9/19/10, Newark Community Day, dateline 6:00 p.m.


We found our designated location, which was under a tree.  Good for shade, but unsuitable for our banner, "Climate Common Sense".  We traded spots with someone in the sun - he called the trade a "no-brainer".  When four people arrived, we deciphered the design of our contraption that holds the banner without making holes in the ground (prohibited).


We started giving handouts to passersby while erecting three easels.  Two held last year's posters and the third held a combination of 8 1/2 X11" information sources for use when discussing climate information in detail.  For example, one showed a bar graph of the greenhouse effect of CO2 at different CO2 levels.  The effect is very large for the first very small amount of CO2, and very small at concentrations in the present range.

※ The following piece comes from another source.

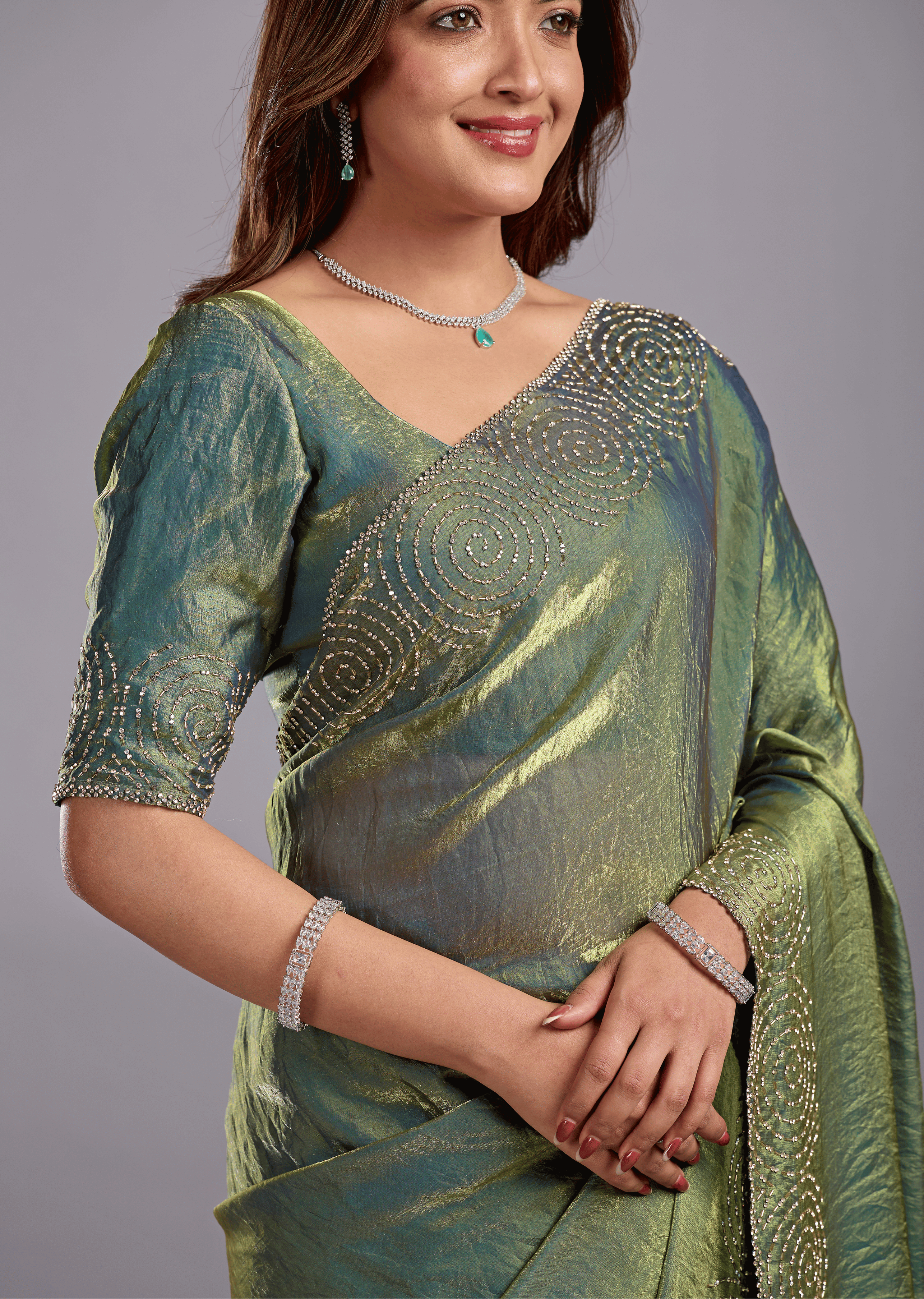 Olive Green Tissue Silk Saree With Crystal Spiral Work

Seven members (Bill Day, Fred DeVries, John Greer, Greg Inskip, Bill Morris, Don Taber, and Jerry Towe) participated, and there were generally at least four at the table.  Our main activity was handing out an excellent 8 1/2 X5 1/2" flyer, designed by our Secretary, John Greer.  These were gone by the middle of the afternoon.  We made 300, but should have made 400.  We then handed out a 6-page 8 1/2X11" paper Bill Morris had used in conjunction with talks on global warming.  When folded, passersby took them as willingly as the smaller flyers.  We hope most looked at both later and learned something about climate change.


There were a few who made comments, about equally divided between agreement and disagreement.  Maybe a dozen stopped for longer discussions.  Two were memorable.  One was a young Political Science instructor who was personally insulted by our presence - by our expressing such an outrageous view.  He is a classic "true believer".  The other was a mathematics professor, easily recognizable by his scruffy beard.  He thought we should be concerned by a risk of making the Earth like Venus, which has a CO2 atmosphere and is extremely hot.


There was a Sierra Club table down the line, operated by one woman.  She expressed concern about the rate of increase of temperature.  Two or three passersby who disagreed with us expressed the same concern.  This may be a current "party line", and we may choose to address it.


In general, we need to persist in our educational efforts until both federal and state government leaders “get the message.”